How founders can give notice to their employees

When things go badly, startups must also be able to part with employees. An overview of what works - and what doesn't.

Of course, it's best if it's all about growth. After all, startups want to be success stories at best. But of course, layoffs are also part of the hard everyday life in the corporate world. Founders who want to, or rather have to, part with an employee have a few things to keep in mind. Otherwise, the termination is quickly invalid. Start-up bosses should think about these questions before giving notice. At the same time, they also serve as a guide for employees as to whether the termination is legal for them.

What is the difference between ordinary and extraordinary termination?

Normally, it is always a matter of ordinary termination when an employee is to be dismissed. They are characterized, among other things, by the fact that the employer must state a reason for termination and there is usually a notice period. Founders can issue an extraordinary notice of termination if there is a so-called "good cause", for example in the case of blatant misconduct on the part of the employee. In this case, there is no longer necessarily a notice period. In this text, however, it should be about the ordinary terminations.

Which occupational groups can give ordinary notice to founders?

There are some occupational groups to which employers cannot easily give ordinary notice of termination. These include, for example, works council members, which could be a reason. Trainees can also not be properly terminated after the end of their probationary period.

In addition, there are some groups that enjoy special protection against dismissal. These include pregnant women, employees on parental and nursing leave, and mothers for up to four months after the birth of their child. As a rule, they too cannot be dismissed without notice. Severely disabled employees, on the other hand, can be given ordinary notice of termination, but in this case the Integration Office must give its approval - and the company's representative body for severely disabled employees, if one exists. This is obligatory in companies where at least five severely disabled people have been working for more than six months.

What grounds can founders use to terminate an employee's employment?

The German Dismissal Protection Act stipulates that employers may only give notice of termination if it is socially justified. Founders must therefore be able to prove a reason for the termination in the person, the behavior of the employee or by operational requirements.

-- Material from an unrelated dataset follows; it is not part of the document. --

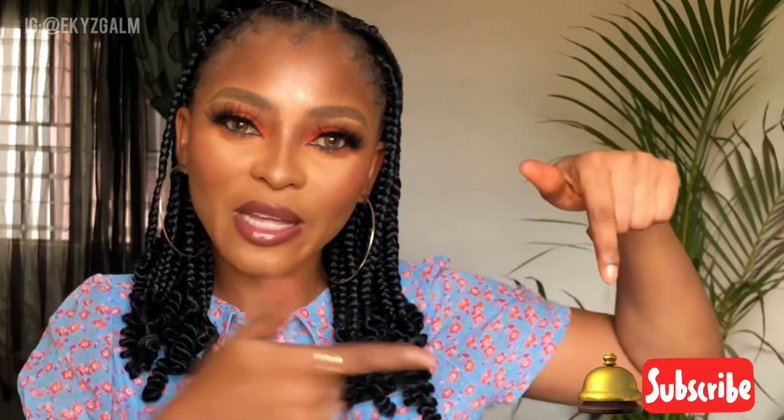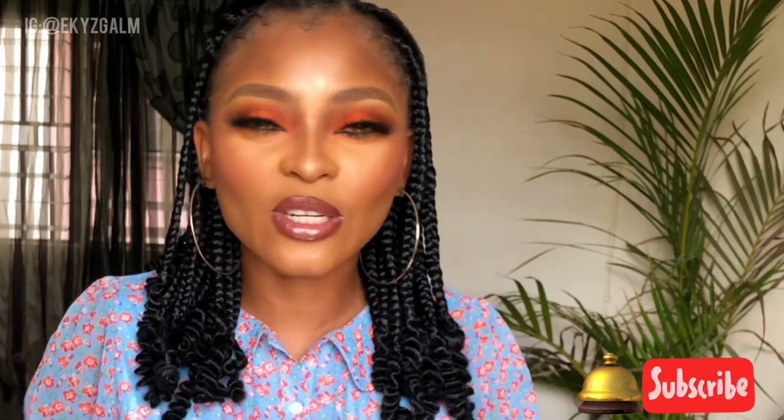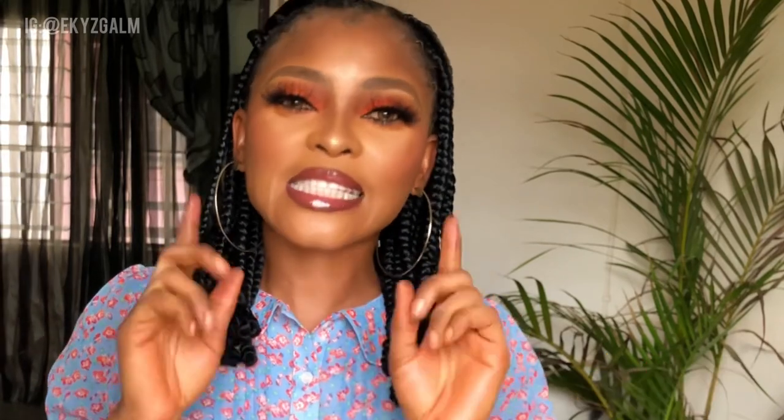That's it for this video! Thank you so much for watching. If you love this tutorial, please give it a huge thumbs up, leave a comment below, and don't forget to subscribe and ring the bell so you don't miss new videos. Thank you so much for watching — stay tuned, stay blessed, and stay beautiful till I come your way next time. Bye guys!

A termination for personal reasons may be given if the employee is demonstrably unable to perform as expected of him, for example if he is sick too often for too long and this will not change in the future. In the case of a termination for conduct-related reasons, the matter becomes more difficult: Here, founders must be able to prove that there has been misconduct and that continued employment would be unreasonable. To do this, they must also have issued a warning prior to termination. Showing up drunk on the job, insulting the employer or repeatedly being absent without excuse can be grounds for termination for conduct-related reasons. In the case of termination for operational reasons, on the other hand, founders must be able to show that the reduction of a job is indispensable, for example because they have fewer orders or they have to close a department.

Do the provisions on protection against dismissal apply to companies of all sizes?

There is a provision that is intended to benefit small companies in particular. According to this, the protection against dismissal only takes effect when there are more than ten employees at a start-up. So founders who are responsible for a still quite small company have it a little easier than with larger companies. However, those who rely on part-time employees must now start doing the math. If they work 20 hours a week, they have to include them with a factor of 0.5. If employees work 30 hours a week, the factor of 0.75 applies. Founders do not have to include managing directors and themselves as owners.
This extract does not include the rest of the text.